Problem requirements
Take the listing below and print exactly the lines starting at the line containing "view of front of house with" and ending at the line containing "2152 45th Ave, Greeley, CO", both ends included, and no others.

Input material
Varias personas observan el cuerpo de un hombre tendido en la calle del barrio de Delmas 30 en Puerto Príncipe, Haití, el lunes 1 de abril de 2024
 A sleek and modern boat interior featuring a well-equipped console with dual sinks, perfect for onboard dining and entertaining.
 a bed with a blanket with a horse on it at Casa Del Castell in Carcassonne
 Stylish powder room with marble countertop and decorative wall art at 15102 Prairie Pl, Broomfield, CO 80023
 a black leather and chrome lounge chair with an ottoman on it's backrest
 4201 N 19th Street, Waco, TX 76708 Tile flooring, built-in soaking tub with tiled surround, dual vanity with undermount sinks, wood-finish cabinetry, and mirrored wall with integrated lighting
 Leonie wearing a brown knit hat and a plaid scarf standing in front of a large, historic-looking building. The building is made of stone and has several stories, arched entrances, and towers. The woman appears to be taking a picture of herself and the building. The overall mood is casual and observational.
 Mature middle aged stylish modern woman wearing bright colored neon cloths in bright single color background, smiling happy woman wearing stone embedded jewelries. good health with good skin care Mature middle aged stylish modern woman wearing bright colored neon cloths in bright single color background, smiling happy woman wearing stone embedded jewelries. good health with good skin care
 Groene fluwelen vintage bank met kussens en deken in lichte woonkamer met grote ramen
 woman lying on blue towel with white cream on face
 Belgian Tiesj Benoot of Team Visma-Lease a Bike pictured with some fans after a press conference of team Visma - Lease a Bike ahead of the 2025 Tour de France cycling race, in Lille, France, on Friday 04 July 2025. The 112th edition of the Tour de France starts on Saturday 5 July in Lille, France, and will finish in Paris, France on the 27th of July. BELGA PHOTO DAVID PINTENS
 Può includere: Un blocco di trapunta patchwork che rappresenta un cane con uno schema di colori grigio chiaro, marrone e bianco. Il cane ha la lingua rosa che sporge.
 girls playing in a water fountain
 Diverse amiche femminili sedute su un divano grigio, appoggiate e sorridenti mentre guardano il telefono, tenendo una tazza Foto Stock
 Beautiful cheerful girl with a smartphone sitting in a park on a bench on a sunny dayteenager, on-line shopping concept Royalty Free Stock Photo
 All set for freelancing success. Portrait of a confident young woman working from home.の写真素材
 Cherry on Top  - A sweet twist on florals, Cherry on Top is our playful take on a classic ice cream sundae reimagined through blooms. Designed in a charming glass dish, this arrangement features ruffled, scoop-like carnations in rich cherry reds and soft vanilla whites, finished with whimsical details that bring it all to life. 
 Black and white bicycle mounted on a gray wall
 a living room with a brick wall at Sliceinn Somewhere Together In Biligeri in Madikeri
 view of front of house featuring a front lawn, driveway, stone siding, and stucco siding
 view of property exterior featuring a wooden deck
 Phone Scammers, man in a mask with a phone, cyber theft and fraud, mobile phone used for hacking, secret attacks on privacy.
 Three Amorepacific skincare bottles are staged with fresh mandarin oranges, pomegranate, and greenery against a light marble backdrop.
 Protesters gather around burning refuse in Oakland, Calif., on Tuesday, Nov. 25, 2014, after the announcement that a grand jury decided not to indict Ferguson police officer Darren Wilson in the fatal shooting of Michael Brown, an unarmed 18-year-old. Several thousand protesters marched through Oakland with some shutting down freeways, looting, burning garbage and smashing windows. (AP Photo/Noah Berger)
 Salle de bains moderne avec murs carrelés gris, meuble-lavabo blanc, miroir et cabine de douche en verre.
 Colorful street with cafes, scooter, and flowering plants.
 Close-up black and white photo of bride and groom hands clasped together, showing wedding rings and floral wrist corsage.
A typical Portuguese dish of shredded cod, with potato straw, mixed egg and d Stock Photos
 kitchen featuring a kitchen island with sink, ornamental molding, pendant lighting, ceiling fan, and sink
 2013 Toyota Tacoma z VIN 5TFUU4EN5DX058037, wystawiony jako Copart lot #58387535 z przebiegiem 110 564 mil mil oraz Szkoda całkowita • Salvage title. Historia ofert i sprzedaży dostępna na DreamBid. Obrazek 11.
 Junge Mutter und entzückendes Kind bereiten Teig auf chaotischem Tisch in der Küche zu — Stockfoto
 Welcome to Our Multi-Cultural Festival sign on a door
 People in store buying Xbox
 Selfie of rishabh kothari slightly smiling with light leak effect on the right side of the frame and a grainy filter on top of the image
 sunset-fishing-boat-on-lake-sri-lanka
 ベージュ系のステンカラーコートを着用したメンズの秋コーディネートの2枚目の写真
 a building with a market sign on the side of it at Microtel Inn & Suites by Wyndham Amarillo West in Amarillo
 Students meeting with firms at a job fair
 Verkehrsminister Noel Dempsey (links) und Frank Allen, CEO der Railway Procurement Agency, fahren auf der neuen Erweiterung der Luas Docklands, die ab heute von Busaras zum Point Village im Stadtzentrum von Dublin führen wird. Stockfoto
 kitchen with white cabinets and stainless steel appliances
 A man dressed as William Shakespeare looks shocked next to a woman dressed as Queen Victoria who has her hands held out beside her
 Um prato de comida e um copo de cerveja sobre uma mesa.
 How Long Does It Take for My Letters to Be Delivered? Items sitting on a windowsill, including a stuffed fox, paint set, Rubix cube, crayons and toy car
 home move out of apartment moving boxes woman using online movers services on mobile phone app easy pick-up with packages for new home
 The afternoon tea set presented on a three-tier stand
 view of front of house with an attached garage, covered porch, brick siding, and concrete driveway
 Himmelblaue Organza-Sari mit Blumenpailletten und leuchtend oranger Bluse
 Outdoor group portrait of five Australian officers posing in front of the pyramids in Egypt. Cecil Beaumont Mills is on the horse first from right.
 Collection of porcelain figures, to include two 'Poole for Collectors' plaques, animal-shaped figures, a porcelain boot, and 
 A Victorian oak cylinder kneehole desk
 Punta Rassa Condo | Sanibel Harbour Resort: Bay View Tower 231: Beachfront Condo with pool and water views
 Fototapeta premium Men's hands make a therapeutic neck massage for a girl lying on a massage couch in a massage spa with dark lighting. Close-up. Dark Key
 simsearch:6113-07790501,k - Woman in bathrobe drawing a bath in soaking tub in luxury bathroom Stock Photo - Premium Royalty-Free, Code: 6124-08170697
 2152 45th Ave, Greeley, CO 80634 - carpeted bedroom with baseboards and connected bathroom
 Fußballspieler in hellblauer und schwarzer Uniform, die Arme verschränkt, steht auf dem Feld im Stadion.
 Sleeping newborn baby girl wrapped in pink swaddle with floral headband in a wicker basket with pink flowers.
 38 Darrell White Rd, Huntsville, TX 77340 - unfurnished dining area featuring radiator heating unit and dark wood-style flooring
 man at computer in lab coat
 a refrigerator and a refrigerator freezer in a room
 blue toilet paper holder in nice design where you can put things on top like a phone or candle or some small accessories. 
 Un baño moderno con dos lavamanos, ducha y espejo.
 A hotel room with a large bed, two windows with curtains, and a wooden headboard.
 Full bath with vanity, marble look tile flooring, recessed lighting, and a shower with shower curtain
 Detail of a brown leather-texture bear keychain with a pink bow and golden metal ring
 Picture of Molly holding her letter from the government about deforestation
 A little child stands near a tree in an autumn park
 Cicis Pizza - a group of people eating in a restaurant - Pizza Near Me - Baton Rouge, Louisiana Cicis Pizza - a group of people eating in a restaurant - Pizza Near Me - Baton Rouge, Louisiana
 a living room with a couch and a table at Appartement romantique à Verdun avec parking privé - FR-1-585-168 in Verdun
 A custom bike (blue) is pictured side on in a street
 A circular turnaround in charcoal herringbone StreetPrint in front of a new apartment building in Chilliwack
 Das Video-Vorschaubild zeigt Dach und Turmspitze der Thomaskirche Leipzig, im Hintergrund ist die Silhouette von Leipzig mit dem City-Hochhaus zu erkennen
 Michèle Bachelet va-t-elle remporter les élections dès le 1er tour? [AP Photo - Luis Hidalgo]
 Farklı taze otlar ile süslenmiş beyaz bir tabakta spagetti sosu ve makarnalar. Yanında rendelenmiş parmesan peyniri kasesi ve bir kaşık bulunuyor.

Your response
 view of front of house with an attached garage, covered porch, brick siding, and concrete driveway
 Himmelblaue Organza-Sari mit Blumenpailletten und leuchtend oranger Bluse
 Outdoor group portrait of five Australian officers posing in front of the pyramids in Egypt. Cecil Beaumont Mills is on the horse first from right.
 Collection of porcelain figures, to include two 'Poole for Collectors' plaques, animal-shaped figures, a porcelain boot, and 
 A Victorian oak cylinder kneehole desk
 Punta Rassa Condo | Sanibel Harbour Resort: Bay View Tower 231: Beachfront Condo with pool and water views
 Fototapeta premium Men's hands make a therapeutic neck massage for a girl lying on a massage couch in a massage spa with dark lighting. Close-up. Dark Key
 simsearch:6113-07790501,k - Woman in bathrobe drawing a bath in soaking tub in luxury bathroom Stock Photo - Premium Royalty-Free, Code: 6124-08170697
 2152 45th Ave, Greeley, CO 80634 - carpeted bedroom with baseboards and connected bathroom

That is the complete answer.